You can, but you shouldn't, and often you literally can't past the model's input limit (around 8,000 tokens for many models). Cramming a huge document into one array blurs its meaning into mush — a search for one specific paragraph won't surface it because the single array averages everything together. The standard fix is chunking: split the document into smaller pieces (a few hundred tokens each, often with a little overlap so you don't cut a sentence's context in half), embed each chunk, and store chunk-level arrays that point back to the source doc. Then search returns the most relevant chunk. Chunking strategy quietly makes or breaks search quality — it's worth tuning.
#chunking#gotcha#rag#retrieval-quality
Hands-onhow-to
What's a metadata filter in a vector search, and why would I want one?
Pure vector search finds the most similar items globally — but you often need to scope it, e.g. "only this user's documents" or "only in-stock products." Vector DBs let you attach plain metadata (JSON-like key/values) to each stored array and filter on it during the search, like a WHERE clause running alongside the closeness ranking: db.query({ vector: qv, topK: 5, filter: { userId: "u_42", inStock: true } }). This keeps results both relevant and authorized. It matters most for security — without a userId filter, semantic search could surface another tenant's data. Treat metadata filtering as your access-control and business-rules layer on top of meaning.
#metadata#filtering#security#vector-database
Hands-ongotcha
Does an embedding 'understand' my text, or actually store it? What's the common beginner misconception?

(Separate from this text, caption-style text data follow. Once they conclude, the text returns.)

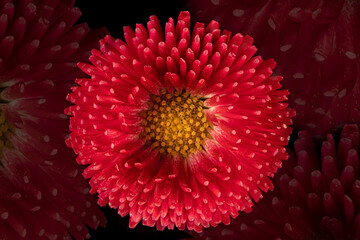 Beautiful blooming pink gerbera daisy flower on black background. Close up photo.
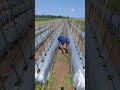 This Is How Farmers Install Plastic Mulch In The Garden Agriculture Farming Shorts This Is How Farmers Install Plastic Mulch In The Garden Agriculture Farming Shorts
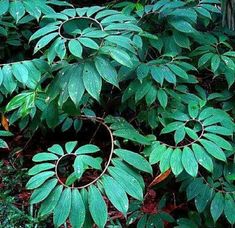 some very pretty green plants with rings on them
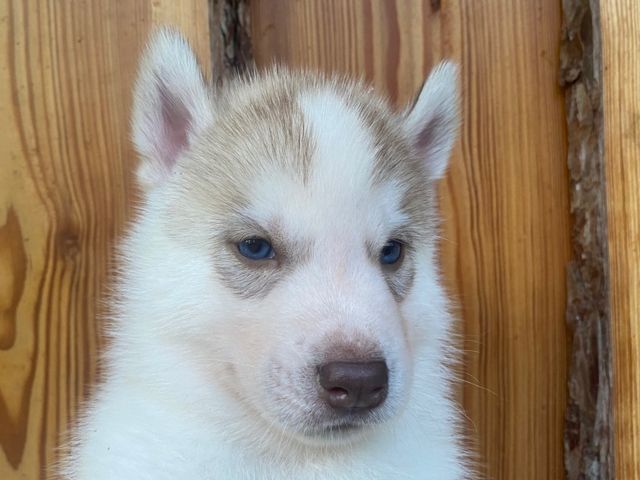Mâle roux aux yeux bleus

Neither, really. The array is a lossy numeric summary of meaning — not a copy of the text and not true understanding. You can't reverse an array back into the original sentence, so always store the original text alongside it. The misconception is treating embeddings like an encrypted or zipped version of your data you can decode later; you can't. Another trap: thinking a high similarity score means "correct" — it only means "close in meaning," which can still be the wrong answer. Embeddings are a retrieval tool that surfaces likely-relevant candidates; you still validate, filter, and (in RAG) let a chat model reason over them.